PES is calculated from SNPs mapped to genes which form the candidate pharmacologically actionable geneset. This comprises the following model (1) which sums the statistical effect size of each variant in the geneset multiplied the allele count (dosage) for said variant– for individual i, let \(\widehat{{\beta }_{j}}\) denote the statistical effect size from the GWAS for each variant j in the candidate gene-set, multiplied by the dosage (G) of j in i.

$$PE{S}_{i}=\mathop{\sum }\limits_{j}^{M}(\widehat{{\beta }_{j}}\times {G}_{ij})$$
(1)

This was calculated for the individuals using the PRSice2 package50. For each PES, the PT used to derive the score was selected based on which PT the corresponding geneset was derived from the GWAS, when a geneset was associated at multiple PT, the most significant was chosen. A genome-wide PRS (PRSTotal) was also constructed for this cohort, with the PT which explained the most variance between cases and controls selected using Nagelkerke’s R22, this PRS was an additive risk score as described in Eq. 1, with 56761 SNPs included after clumping weighted by their effect size in the GWAS. Association for each of the scores with cases was conducted using binomial logistic regression, adjusted for sex and the first three principal components using R 3.4.4. P values were derived using the Wald test with and without the total PRS score at the optimum threshold as a covariate in the model.

Each PES was ranked for individuals within the ASRB cohort, with three metrics used to define a person with an ‘elevated PES’ score; including those in the 99th, 90th and 75th percentiles of the study population. The number of pathways which pass these thresholds were totalled for each individual and the association between these totals and schizophrenia assessed using the same model as for univariate PRS as described above. To investigate the relationship between PRSTotal and PES, genome wide PRSTotal and the count of PES in the top decile per individual were clustered using finite Gaussian mixture modelling (GMM) with the mclust package version 5.451. The optimal number of clusters was selected based on parametrisation of the covariance matrix utilising the Bayesian Information Criterion (BIC), with the highest BIC value used for selection of the number of clusters. Clusters were ellipsoidal, with the volume of the ellipsoid, shape of the density contours, and orientation of the corresponding ellipsoid also determined by the covariance matrix. We tested whether schizophrenia cases in each of the four GMM derived clusters were overrepresented for carriers of a top percentile PES using multinomial logistic regression with the nnet package (https://cran.r-project.org/web/packages/nnet/index.html). The largest cluster, Cluster 2, was used as the reference for the other clusters, with the model covaried for sex and prinicipal components as above. After dividing the regression coefficients by their standard error to derive z, P values were calculated using the Wald Test.
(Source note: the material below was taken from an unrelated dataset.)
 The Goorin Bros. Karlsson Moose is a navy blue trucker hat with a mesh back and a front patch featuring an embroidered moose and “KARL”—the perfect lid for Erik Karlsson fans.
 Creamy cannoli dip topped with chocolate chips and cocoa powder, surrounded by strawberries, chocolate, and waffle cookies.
Investigation of the effect of PES profiles on gene expression

We sought to investigate the relationship between PES profiles and the expression of genes which comprise their pathways in individuals with schizophrenia. A subset of schizophrenia cases in this cohort (N = 75) had mRNA expression data available from a previous study52. These participants had a mean age of 42.21 (s.d. = 10.47), whilst the majority of the subcohort was male (NMale = 45, NFemale = 30). RNA extracted from peripheral blood mononuclear cells was profiled using Illumina HT-12_V3 BeadChips and normalised as described in Gardiner et al.52. Genes which comprise each PES pathway were extracted if they were available on the array with normalised expression values which survived quality control. The relationship between PES and the expression of each gene in that pathway as the outcome was assessed using a linear model covaried for age, sex, and PRSTotal for schizophrenia. These models were constructed in R version 3.4.4 using the lm function. Multiple testing correction was applied to each PES model individually to account for the number of genes tested in each pathway using Benjamini-Hochberg method via the p.adjust function in R.